- [WHAT TO WORK ON]:
Please print, word for word, every line from the one that contains "AK Parti Genel" through the last line of the records, and nothing else.

- [Data items]:
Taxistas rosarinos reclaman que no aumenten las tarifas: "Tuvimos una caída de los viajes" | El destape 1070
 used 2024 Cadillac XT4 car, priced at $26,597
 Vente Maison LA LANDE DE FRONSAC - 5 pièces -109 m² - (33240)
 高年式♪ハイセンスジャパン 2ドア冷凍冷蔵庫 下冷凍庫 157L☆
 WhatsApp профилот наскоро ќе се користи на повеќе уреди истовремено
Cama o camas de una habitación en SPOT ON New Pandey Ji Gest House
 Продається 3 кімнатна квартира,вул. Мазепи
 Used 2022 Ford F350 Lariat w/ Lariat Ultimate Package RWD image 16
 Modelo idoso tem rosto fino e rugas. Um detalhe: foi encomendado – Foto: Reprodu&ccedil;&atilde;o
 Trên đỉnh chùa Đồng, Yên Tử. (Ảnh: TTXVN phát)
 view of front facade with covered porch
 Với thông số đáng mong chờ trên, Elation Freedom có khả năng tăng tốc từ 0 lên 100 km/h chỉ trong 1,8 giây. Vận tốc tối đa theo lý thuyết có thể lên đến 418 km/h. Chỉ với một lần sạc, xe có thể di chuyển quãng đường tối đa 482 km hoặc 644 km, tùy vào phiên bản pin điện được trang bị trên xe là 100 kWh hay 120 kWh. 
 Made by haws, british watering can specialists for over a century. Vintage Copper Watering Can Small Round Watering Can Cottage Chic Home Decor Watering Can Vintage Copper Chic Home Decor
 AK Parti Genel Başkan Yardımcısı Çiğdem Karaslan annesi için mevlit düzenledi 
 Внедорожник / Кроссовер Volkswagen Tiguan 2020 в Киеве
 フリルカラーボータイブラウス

- [REPLY TO THE EXERCISE]:
 AK Parti Genel Başkan Yardımcısı Çiğdem Karaslan annesi için mevlit düzenledi 
 Внедорожник / Кроссовер Volkswagen Tiguan 2020 в Киеве
 フリルカラーボータイブラウス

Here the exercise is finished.